▸ Extracted material
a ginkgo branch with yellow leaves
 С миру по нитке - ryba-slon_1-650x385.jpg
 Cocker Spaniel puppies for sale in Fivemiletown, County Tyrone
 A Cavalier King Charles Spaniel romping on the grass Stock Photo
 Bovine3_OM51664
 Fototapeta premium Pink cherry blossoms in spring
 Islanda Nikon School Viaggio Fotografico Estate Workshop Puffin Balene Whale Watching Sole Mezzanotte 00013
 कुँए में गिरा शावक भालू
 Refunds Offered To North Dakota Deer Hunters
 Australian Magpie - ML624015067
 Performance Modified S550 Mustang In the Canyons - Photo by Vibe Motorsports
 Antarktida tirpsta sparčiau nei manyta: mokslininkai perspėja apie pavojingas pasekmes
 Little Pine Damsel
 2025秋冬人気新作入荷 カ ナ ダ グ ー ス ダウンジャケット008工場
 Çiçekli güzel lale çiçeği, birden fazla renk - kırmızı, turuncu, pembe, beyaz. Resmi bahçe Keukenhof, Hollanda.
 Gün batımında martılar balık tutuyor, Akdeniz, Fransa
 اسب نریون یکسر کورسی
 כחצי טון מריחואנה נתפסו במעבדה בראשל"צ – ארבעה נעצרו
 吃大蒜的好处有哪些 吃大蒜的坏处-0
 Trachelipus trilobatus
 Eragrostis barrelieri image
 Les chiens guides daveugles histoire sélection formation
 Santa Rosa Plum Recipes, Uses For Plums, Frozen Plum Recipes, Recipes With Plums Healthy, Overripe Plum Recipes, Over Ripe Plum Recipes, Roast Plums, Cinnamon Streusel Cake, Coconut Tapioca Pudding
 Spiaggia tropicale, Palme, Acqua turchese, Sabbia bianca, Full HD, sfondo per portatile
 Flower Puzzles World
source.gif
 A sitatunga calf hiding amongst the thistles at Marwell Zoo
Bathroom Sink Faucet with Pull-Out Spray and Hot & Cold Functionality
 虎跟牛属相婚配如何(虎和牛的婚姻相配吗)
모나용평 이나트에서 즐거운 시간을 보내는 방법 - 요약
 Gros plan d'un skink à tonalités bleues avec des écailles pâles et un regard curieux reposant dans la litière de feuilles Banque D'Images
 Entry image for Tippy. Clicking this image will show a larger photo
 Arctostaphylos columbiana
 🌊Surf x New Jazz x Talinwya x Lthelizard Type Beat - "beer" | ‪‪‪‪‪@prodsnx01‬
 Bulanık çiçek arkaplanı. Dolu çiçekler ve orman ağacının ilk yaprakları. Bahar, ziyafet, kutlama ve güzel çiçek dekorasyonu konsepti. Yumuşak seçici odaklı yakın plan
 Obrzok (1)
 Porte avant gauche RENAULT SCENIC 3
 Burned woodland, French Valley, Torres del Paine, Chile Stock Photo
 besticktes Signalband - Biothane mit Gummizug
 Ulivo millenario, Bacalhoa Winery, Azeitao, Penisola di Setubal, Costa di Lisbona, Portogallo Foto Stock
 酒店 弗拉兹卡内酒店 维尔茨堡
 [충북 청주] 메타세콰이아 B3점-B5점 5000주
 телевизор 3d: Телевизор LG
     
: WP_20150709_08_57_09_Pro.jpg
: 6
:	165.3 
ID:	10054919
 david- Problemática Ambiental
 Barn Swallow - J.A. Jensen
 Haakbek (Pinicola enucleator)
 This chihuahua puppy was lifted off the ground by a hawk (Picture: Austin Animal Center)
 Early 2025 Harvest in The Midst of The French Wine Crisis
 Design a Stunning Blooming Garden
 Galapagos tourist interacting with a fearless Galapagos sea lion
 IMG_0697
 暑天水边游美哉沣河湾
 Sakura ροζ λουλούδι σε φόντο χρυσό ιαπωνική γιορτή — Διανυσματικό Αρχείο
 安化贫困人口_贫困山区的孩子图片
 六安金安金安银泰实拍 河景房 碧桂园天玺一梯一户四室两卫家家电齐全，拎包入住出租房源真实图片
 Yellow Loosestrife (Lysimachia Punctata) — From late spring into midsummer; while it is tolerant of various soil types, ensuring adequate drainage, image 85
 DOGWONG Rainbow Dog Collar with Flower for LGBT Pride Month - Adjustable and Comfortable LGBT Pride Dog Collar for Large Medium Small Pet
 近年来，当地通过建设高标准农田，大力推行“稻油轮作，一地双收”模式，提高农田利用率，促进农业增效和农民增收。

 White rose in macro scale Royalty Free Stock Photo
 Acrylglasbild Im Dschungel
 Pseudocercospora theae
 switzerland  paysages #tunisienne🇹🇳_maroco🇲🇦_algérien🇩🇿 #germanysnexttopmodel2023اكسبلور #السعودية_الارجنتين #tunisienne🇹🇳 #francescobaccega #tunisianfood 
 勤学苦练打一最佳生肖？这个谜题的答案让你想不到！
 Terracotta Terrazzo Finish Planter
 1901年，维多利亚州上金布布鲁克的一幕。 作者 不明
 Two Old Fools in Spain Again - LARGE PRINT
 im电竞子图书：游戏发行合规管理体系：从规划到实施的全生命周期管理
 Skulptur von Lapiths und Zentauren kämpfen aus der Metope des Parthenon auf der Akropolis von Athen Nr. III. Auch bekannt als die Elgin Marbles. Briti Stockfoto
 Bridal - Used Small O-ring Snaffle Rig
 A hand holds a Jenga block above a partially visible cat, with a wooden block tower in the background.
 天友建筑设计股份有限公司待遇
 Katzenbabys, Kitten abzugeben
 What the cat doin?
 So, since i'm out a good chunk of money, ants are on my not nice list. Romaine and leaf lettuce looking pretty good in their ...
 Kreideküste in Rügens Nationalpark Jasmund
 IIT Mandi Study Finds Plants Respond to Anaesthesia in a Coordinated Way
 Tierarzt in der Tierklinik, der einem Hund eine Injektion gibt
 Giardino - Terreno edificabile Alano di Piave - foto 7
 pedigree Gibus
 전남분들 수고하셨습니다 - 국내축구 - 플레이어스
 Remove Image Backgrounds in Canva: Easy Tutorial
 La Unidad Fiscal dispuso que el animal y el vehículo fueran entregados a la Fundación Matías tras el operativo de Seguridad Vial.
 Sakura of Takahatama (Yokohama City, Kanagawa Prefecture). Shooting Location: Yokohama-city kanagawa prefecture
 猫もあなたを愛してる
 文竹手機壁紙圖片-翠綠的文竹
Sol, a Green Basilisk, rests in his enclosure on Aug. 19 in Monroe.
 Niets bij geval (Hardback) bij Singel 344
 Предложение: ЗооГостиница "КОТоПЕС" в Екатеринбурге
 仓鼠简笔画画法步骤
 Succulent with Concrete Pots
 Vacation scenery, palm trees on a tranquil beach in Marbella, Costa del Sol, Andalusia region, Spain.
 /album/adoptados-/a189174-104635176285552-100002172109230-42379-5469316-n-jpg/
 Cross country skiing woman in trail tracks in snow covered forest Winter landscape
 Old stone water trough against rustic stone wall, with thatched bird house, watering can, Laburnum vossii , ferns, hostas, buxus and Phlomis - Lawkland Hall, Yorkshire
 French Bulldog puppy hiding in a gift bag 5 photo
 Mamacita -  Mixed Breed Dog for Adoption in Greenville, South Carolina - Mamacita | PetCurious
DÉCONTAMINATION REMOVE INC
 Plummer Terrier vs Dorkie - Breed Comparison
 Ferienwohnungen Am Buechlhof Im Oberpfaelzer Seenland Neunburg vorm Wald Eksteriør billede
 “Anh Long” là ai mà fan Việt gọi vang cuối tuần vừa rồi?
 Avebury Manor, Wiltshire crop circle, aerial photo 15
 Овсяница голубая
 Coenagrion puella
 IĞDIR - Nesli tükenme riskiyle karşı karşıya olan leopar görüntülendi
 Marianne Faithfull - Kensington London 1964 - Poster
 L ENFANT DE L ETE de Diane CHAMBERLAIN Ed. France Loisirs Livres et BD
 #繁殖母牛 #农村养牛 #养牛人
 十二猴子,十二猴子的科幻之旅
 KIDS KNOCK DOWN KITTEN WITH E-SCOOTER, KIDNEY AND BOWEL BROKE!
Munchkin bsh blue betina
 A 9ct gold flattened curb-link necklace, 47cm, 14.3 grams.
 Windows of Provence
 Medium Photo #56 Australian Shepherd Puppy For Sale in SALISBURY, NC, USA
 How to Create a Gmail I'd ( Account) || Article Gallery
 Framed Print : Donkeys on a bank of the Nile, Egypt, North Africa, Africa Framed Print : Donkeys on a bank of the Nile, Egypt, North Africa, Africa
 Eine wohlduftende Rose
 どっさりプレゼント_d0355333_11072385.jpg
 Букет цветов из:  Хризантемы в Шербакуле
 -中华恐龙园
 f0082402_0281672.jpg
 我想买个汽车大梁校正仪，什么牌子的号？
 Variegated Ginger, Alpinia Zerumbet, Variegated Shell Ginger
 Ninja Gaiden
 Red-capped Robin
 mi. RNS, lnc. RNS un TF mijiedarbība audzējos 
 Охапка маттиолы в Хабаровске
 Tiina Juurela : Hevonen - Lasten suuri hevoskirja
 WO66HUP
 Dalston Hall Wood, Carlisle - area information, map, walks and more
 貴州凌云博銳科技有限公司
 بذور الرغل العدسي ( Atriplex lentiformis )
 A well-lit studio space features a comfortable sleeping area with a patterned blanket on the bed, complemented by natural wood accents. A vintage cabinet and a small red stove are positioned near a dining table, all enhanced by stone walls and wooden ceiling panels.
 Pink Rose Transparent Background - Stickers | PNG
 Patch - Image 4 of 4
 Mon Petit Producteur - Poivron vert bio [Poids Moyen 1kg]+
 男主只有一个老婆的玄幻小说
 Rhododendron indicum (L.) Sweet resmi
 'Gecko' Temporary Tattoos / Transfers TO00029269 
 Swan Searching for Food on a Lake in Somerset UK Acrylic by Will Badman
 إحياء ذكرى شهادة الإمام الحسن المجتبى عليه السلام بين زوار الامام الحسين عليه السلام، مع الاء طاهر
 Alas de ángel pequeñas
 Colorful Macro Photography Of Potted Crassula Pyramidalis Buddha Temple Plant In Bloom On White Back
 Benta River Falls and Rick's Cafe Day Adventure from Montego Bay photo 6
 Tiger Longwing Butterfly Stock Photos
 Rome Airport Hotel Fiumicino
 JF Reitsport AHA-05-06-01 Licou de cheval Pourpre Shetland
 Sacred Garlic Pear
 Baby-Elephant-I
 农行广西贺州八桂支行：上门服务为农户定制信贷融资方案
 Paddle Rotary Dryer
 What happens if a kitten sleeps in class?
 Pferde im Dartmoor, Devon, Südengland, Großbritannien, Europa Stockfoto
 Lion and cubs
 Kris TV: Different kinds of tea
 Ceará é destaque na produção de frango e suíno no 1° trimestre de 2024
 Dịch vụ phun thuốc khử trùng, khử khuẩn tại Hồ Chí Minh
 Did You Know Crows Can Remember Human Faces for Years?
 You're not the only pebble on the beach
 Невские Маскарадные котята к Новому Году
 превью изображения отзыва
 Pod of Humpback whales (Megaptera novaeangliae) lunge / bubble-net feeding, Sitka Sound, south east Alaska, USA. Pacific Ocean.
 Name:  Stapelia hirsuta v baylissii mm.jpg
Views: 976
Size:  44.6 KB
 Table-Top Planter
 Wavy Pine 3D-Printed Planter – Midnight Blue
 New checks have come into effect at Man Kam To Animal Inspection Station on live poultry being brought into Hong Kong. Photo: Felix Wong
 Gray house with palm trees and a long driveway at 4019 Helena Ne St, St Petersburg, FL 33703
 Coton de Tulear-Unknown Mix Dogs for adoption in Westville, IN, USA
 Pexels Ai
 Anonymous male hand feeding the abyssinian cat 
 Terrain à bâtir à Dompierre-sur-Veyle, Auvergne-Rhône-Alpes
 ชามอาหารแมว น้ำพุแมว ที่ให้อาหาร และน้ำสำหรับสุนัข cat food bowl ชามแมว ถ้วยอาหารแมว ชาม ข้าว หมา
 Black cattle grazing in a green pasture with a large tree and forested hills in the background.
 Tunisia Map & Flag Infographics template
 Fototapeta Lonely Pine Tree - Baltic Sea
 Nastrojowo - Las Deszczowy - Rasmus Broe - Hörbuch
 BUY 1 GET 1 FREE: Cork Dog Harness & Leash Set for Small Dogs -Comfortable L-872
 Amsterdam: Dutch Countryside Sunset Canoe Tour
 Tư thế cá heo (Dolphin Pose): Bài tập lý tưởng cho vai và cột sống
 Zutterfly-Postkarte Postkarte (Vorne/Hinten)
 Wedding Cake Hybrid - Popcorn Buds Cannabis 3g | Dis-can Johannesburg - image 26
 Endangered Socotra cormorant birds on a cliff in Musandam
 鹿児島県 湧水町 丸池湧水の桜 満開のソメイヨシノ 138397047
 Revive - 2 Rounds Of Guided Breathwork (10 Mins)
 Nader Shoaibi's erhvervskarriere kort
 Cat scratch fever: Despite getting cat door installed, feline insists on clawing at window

▸ Work to be completed
Whenever a line in the listing above includes the word "Cake", return that line.

▸ Answer area
 Santa Rosa Plum Recipes, Uses For Plums, Frozen Plum Recipes, Recipes With Plums Healthy, Overripe Plum Recipes, Over Ripe Plum Recipes, Roast Plums, Cinnamon Streusel Cake, Coconut Tapioca Pudding
 Wedding Cake Hybrid - Popcorn Buds Cannabis 3g | Dis-can Johannesburg - image 26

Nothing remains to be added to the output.